Some of the types of 4x4 homogeneous matrices that can be combined by matrix multiplication.
https://sinestesia.co/blog/tutorials/python-cube-matrices/

  Essential Matrix: Not to confuse things too much, but the R|t matrix can be defined as a 3 x 3 matrix called the essential matrix. It is not used in this blog post.  I just wanted to drop a note about it.  It is typically used to find the 3D point correspondence from two camera poses.  The essential matrix associates a 2D point in an image with a line that exists in both camera images.  However, to create the essential matrix the 3 x 3 Rotation matrix is multiplied by the Skew Symmetric form of the translation vector t.  You can retrieve R and t from the essential matrix.  Check the Wikipedia page for Essential matrix.  Look at the section "Determining R and t from E".

--

I started to use the Intel Realsense cameras while at the same time learning linear algebra.  Because I didn't know about the advantages that quaternions have when interpolating movement, I continued down the matrix path.   That meant the quaternion pose data needed to be converted to a rotation matrix.  Wikipedia has an article, but I found some code examples that allowed me to convert a quaternion to a rotation matrix, and a rotation matrix to a quaternion.  There were, of course, errros.  some were mine, and some were documentation.
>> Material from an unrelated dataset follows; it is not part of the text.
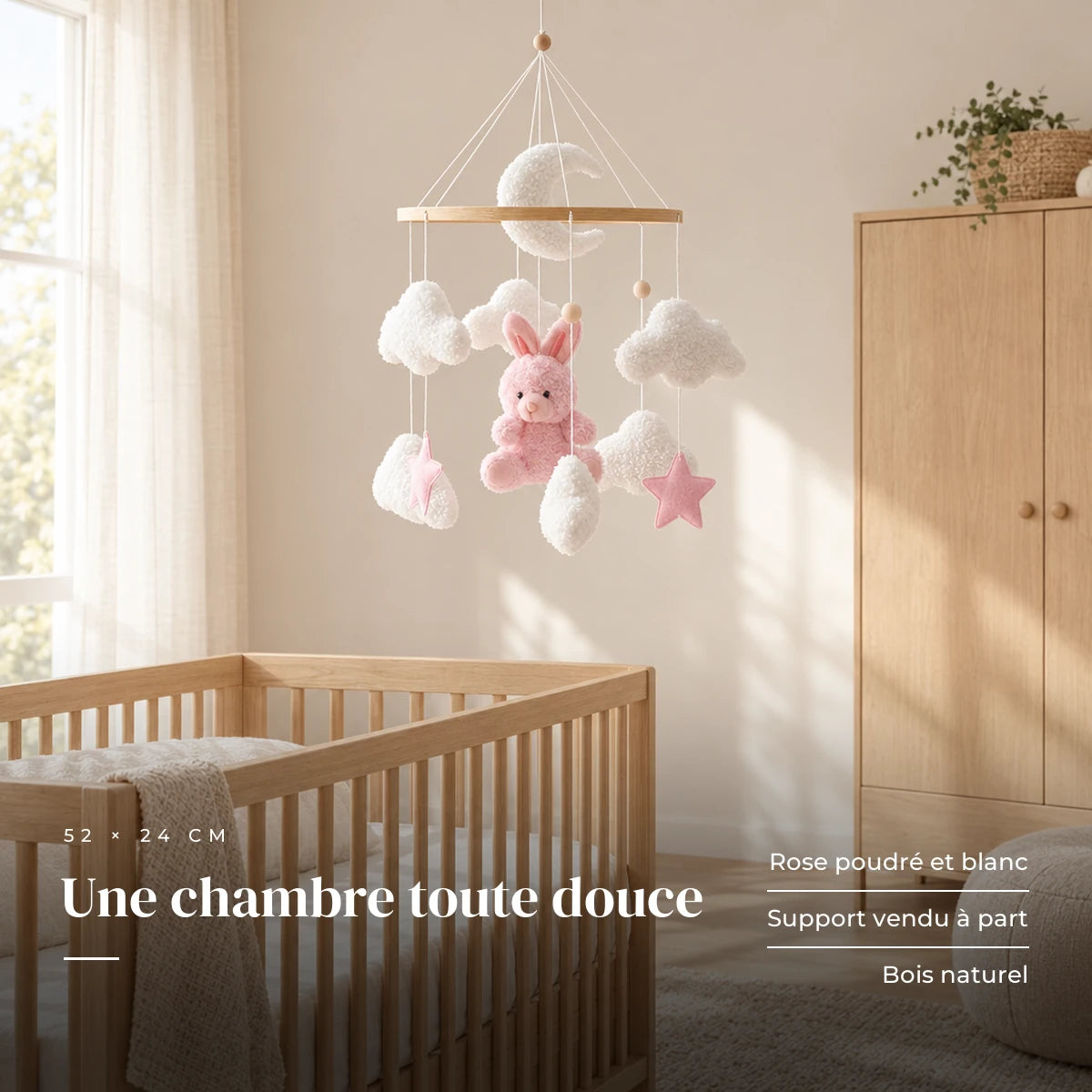 Mobile bébé Lapin rose en bois dans une chambre de bébé lumineuse, au-dessus du berceau. Une chambre toute douce : rose poudré et blanc, support vendu à part, bois naturel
The key shortcuts I needed are outlined here:

1) The T265 Pose axes are not in the same orientation as the D435.
D435 Pose axes

T265 pose axes


T265 Z and Y axis are rotated around x axis (in relation to the D435)
D435 above a T265.  Y axis revered, Z axis revered. X axis aligned.
You need an R|t matrix to get from T265 pose data to D435 pose.


2) The Quaternion value displayed is not in the order that most quaternion explanations use.  Most use the format where the real value is on the left, followed by the i, j, k complex valued to the right of the real.  The Realsense viewer places the real value on the right.
Realsense quaternions are displayed [x,y,z,w].  The display does not label the elements.
Most formulas would be formatted as [w,x,y,z], or  a+bi+cj+dk or qr, qx,qy,qz.  In all those cases the real is on the left, complex on right. 

3)  The T265 camera orients itself to gravity.  It decides where up is, then once it has a valid pose, it projects that x and z axes on the ground plane.  That's how it defines its world coordinates.


4) If you want to convert the quaternion to a Rotation matrix take a look at this site
https://www.euclideanspace.com/maths/geometry/rotations/conversions/quaternionToMatrix/index.htm  - But caution... There are errors in thier code.

or try Quaternion Derived rotation matrix on wikipedia, its just, um, Wikipedia, so you might need a masters degree to understand it.

Here is a link to my LabView code that will convert the quaternion to a rotation matrix
https://drive.google.com/drive/folders/1rJ3j662i-Naq2tXvlYXebeRyU57GD1RZ?usp=sharing
If you use it, you to take all the blame and give me all the credit.  And if you make something that is a financial success cut me in on the money.
oh boy, math.  that's fun.


5)  It is not easy to "see" how the quaternion converts to a rotation matrix.
  Here are some quaternion to rotation matrix examples






6) Have a look at the 3 blue one brown collaboration with eater.net to Visualize Quaternions
It is the most helpful thing on the internet regarding quaternions.